Introduction to Mashups and APIs

Event Details

Date: October 16 – 17, 2009
Categories: event

Raymond Yee led an introductory group session on mashups and APIs, drawing examples from Google Maps and Flickr. We also had a round of lightening presentations.

Raymond Yee

How do we allow ordinary users to make mashups?

Commercial APIs are not purely open. Often they encourage a read-only mode rather than a read-write mode. They constrain opportunities for use, selectively closing things down.

It really matters what you deliver in terms of data because that constrains what people can do when they share or reuse. e.g., using a date stamp.

Why isn’t it as fun to play with humanities resources as it is to play with Flickr? We are behind the times in terms of trying to brand data and close access, and this is holding us back. What need is there for resource ownership? Is it a need for authority? Identity? The question goes to the heart of the funding system and the ways that academics earn a living from decade to decade. How do we give things away and still benefit? Still maintain a brand or an identity? Researchers create data and then sit on it because they are in competition with other researchers. Also issues of licensing, copyright, orphan works: for repositories that contain material that they do not own, access is one thing, but sharing is another.

Data may not be well documented.
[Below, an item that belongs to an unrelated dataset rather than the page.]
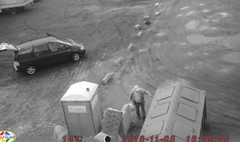 Strażnicy walczą z nielegalnie podrzucanymi odpadami (link otworzy duże zdjęcie)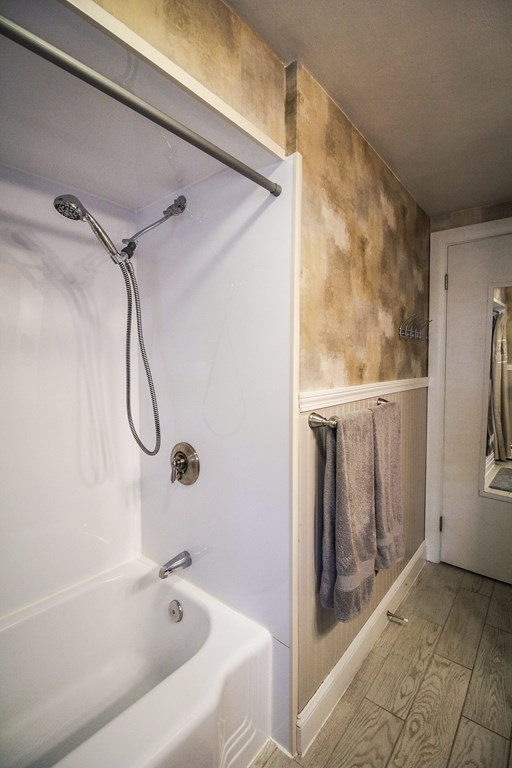 28 Grove Street Saugus, MA 01906 - Photo 14 of 42 Gallery Image 14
Often we don’t know the assumptions under which it was created; we don’t have data dictionaries. e.g., Wordstar format, 80 columns, ad hoc compression schemes.

Reliability, continuity, robustness. Google can do it, but we can’t. Project management and sustainability are key issues.

If we give away data we can monitor how it is used. When other people hack it, we can’t monitor that as easily. Sometimes you give away something that no one wants.

We have the opportunity to bring in philanthropists, to teach us how to give away things (and maybe give us some money in the process.)

Working with colleagues on Recovery.gov (US Government transparency re: Recovery Act). Web services, syndication feeds: how to help Americans understand what is happening to their money.

Discussion

Cohen: a successful API enables uses of content or services that the producer of that content or service hasn’t anticipated. Ideally, it also enables a wider range of developers to produce those new applications.
Krishnan: the best APIs are two way… e.g., Google Maps doesn’t allow reverse data flow to their service.
Ramsay: most humanities content providers are overly protective of their content.
Hitchcock: agrees that there’s a economic/political issue here before you get to the tech.
Chudnov: Library of Congress is in the business of giving everything away.
Rockwell: worried about the robustness of academic APIs. Can we depend on them in the long run?

Walter Lewis

Our Ontario (inherited from Alouette Canada). Plug-in widgets, e.g., take lat/lon from records and send KML to Google Earth. Canadian index, Ontario view. Change URL to change the view: HTML, RSS, XML Dublin Core, RDF, JSON, MODS. Solr, UnAPI, Apache Lucene. Solr is a layer on top of Lucene that allows efficient faceting.

Dan Cohen

Zotero and Omeka. Plug-in ready from the start. Client Firefox extension, SQLite, data model. Can build a Firefox extension to their Zotero extension (extensions can communicate with one another). Notifiers are sent out to all of the Firefox environment; short JavaScript can act when it hears notification. Sample hello world plug-in, in spirit of unAPI, can interact with Zotero through the export function. The whole website of Zotero server is built off of the API. Public API documentation.

Omeka is ‘WordPress for digital collections’. Plug-ins. PHP. Ask Jeremy Boggs for help with Omeka plug-ins. Data model, Dublin Core, modeled around items. Output JSON, XML, RSS2. Import CSV.

http://dev.omeka.org/apiworkshop

Josh Greenberg and Shekhar Krishnan

1) Digital Gallery. Undocumented JSON, Atom API. 750,000 digitized images with robust metadata.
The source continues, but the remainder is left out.